In order to measure this time, we must understand 3 ideas: FLOPs, FLOPS, and MACs.


To measure inference time for a model, we can calculate the total number of computations the model will have to perform.
This is where we mention the term FLOP, or Floating Point Operation.
This could be an addition, subtraction, division, multiplication, or any other operation that involves a floating point value.
The FLOPs will give us the complexity of our model.


The second thing is the FLOPS, with a capital S.
FLOPS are the Floating Point Operations per Second. This is a rate that tells us how good is our hardware.
The more operations per second we can do, the faster the inference will be.


The final thing to consider is the MACs, standing for Multiply-Accumulate Computations.
A MAC is an operation that does an addition and a multiplication, so 2 operations.
In a neural network, addition and multiplications happen every time.

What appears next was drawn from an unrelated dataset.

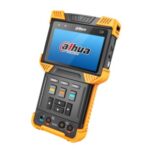 Tester  4" IP/analog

As a rule, we consider 1 MAC = 2 FLOPs.

Now that we know this, we understand the general idea:

  1. We want a low number of FLOPs in our model, but keeping it complex enough to be good.
  2. We want a high number of FLOPS in our hardware.
  3. Our role will be to optimize the Deep Learning models to have a low number of FLOPs.

Calculating the FLOPs in a Model

Let's take the following model that performs a classification on the MNIST dataset.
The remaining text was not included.